DB_PATH = os.path.join(DATA_DIR, "pipeline.db")
def init_store():
os.makedirs(DATA_DIR, exist_ok=True)
conn = sqlite3.connect(DB_PATH)
conn.execute("""
CREATE TABLE IF NOT EXISTS pipeline_runs (
id INTEGER PRIMARY KEY AUTOINCREMENT,
stage TEXT NOT NULL,
status TEXT DEFAULT 'started',
input_path TEXT,
output_path TEXT,
row_count INTEGER,
metadata TEXT,
started_at TEXT DEFAULT CURRENT_TIMESTAMP,
completed_at TEXT
)
""")
conn.commit()
conn.close()
def log_stage(stage: str, status: str, input_path: str = "",
output_path: str = "", row_count: int = 0,
metadata: dict = None) -> int:
conn = sqlite3.connect(DB_PATH)
cur = conn.execute(
"""INSERT INTO pipeline_runs
(stage, status, input_path, output_path, row_count, metadata, completed_at)
VALUES (?, ?, ?, ?, ?, ?, ?)""",
(stage, status, input_path, output_path, row_count,
json.dumps(metadata or {}),
datetime.now().isoformat() if status == "completed" else None)
)
conn.commit()
run_id = cur.lastrowid
conn.close()
return run_id
def save_dataframe(df: pd.DataFrame, name: str) -> str:
path = os.path.join(DATA_DIR, f"{name}.parquet")
df.to_parquet(path, index=False)
return path
def load_dataframe(name: str) -> pd.DataFrame:
path = os.path.join(DATA_DIR, f"{name}.parquet")
return pd.read_parquet(path)
Step 2: Build the Ingestion Agent
The ingestion agent handles three data source types: REST APIs, CSV files, and databases.
# pipeline/agents/ingestion.py
from agents import Agent, function_tool
import pandas as pd
import requests
import sqlalchemy
from pipeline.data_store import save_dataframe, log_stage
@function_tool
def fetch_from_api(url: str, headers: str = "{}", params: str = "{}") -> str:
"""Fetch data from a REST API endpoint.
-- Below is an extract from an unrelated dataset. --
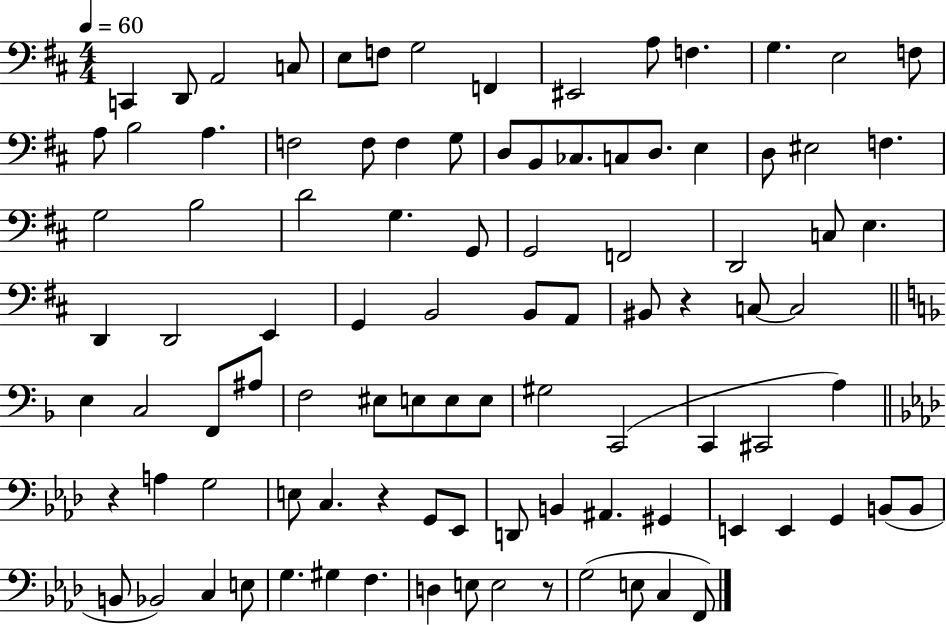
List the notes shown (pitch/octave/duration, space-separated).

The headers and params should
be JSON strings. Returns a summary of the fetched data."""
import json
try:
resp = requests.get(
url,
headers=json.loads(headers),
params=json.loads(params),
timeout=30,
)
resp.raise_for_status()
data = resp.json()
if isinstance(data, list):
df = pd.DataFrame(data)
elif isinstance(data, dict):
# Try common wrapper keys
for key in ("results", "data", "items", "records"):
if key in data and isinstance(data[key], list):
df = pd.DataFrame(data[key])
break
else:
df = pd.DataFrame([data])
else:
return f"Unexpected response type: {type(data)}"
path = save_dataframe(df, "ingested_api")
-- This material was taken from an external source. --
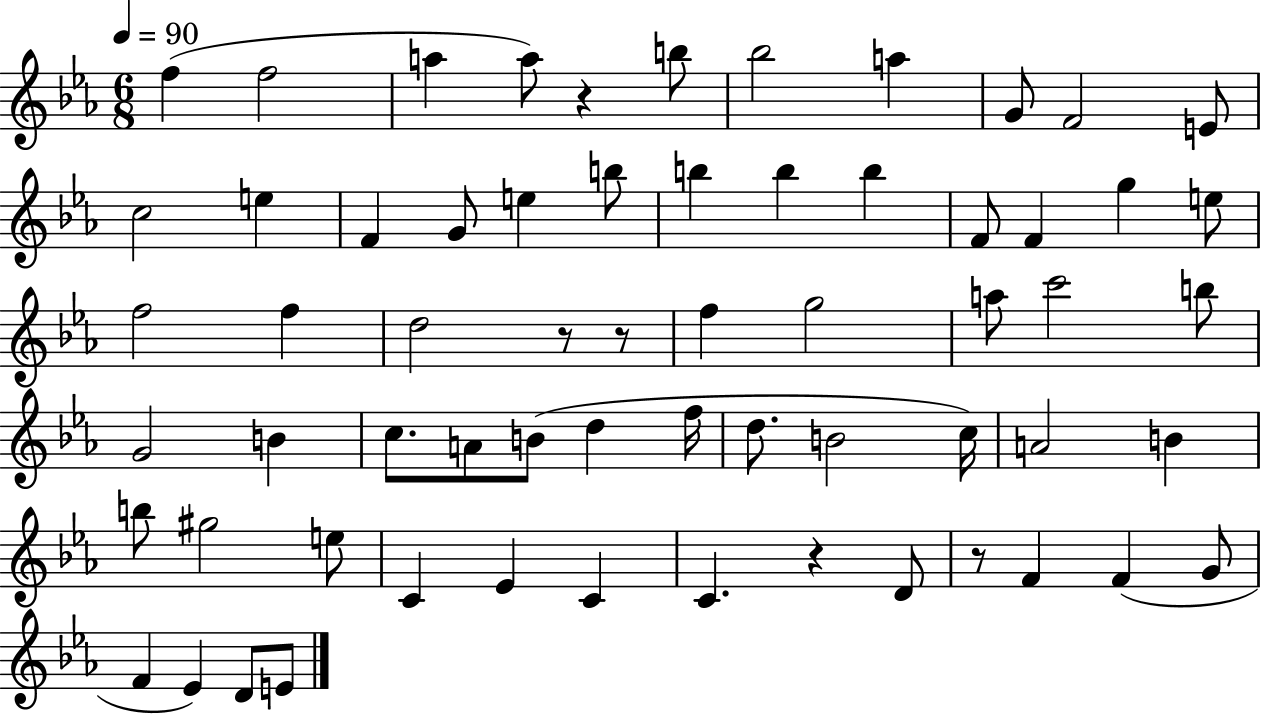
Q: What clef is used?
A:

log_stage("ingestion", "completed", url, path, len(df),
{"source_type": "api", "columns": list(df.columns)})
return f"Fetched {len(df)} rows with columns: {list(df.columns)}. Saved to {path}"
except Exception as e:
log_stage("ingestion", "failed", url, metadata={"error": str(e)})
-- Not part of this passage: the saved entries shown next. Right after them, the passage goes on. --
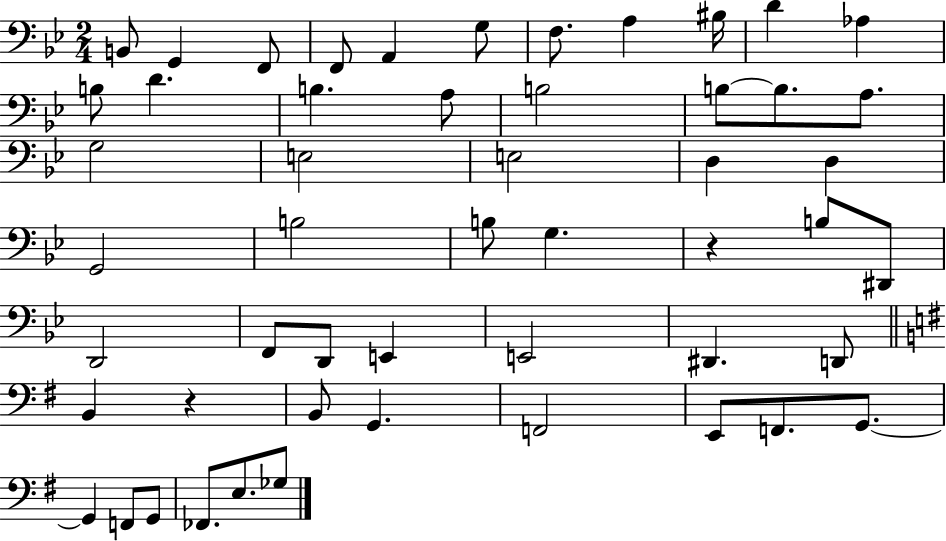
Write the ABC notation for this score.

X:1
T:Untitled
M:2/4
L:1/4
K:Bb
B,,/2 G,, F,,/2 F,,/2 A,, G,/2 F,/2 A, ^B,/4 D _A, B,/2 D B, A,/2 B,2 B,/2 B,/2 A,/2 G,2 E,2 E,2 D, D, G,,2 B,2 B,/2 G, z B,/2 ^D,,/2 D,,2 F,,/2 D,,/2 E,, E,,2 ^D,, D,,/2 B,, z B,,/2 G,, F,,2 E,,/2 F,,/2 G,,/2 G,, F,,/2 G,,/2 _F,,/2 E,/2 _G,/2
return f"API fetch failed: {str(e)}"
@function_tool
def parse_csv(file_path: str, delimiter: str = ",", encoding: str = "utf-8") -> str:
"""Parse a CSV file and save it to the data store. Automatically
detects column types and handles common encoding issues."""
try:
df = pd.read_csv(file_path, delimiter=delimiter, encoding=encoding)
# Detect and report schema
schema = {col: str(dtype) for col, dtype in df.dtypes.items()}
null_counts = df.isnull().sum().to_dict()
path = save_dataframe(df, "ingested_csv")
log_stage("ingestion", "completed", file_path, path, len(df),
{"source_type": "csv", "schema": schema, "nulls": null_counts})
return (
f"Parsed {len(df)} rows, {len(df.columns)} columns.\n"
f"Schema: {schema}\n"
f"Null counts: {null_counts}\n"
f"Saved to {path}"
)
except Exception as e:
log_stage("ingestion", "failed", file_path, metadata={"error": str(e)})
return f"CSV parse failed: {str(e)}"
@function_tool
def query_database(connection_string: str, query: str) -> str:
"""Execute a SQL query against a database and ingest the results.
Supports PostgreSQL, MySQL, and SQLite via SQLAlchemy."""
try:
engine = sqlalchemy.create_engine(connection_string)
df = pd.read_sql(query, engine)
engine.dispose()
path = save_dataframe(df, "ingested_db")
log_stage("ingestion", "completed", f"db:{query[:50]}...", path, len(df),
{"source_type": "database", "columns": list(df.columns)})
return f"Query returned {len(df)} rows with columns: {list(df.columns)}. Saved to {path}"
except Exception as e:
log_stage("ingestion", "failed", metadata={"error": str(e)})
return f"Database query failed: {str(e)}"
@function_tool
def detect_schema(dataset_name: str) -> str:
"""Analyze the schema of an ingested dataset. Returns column names,
types, null percentages, and sample values."""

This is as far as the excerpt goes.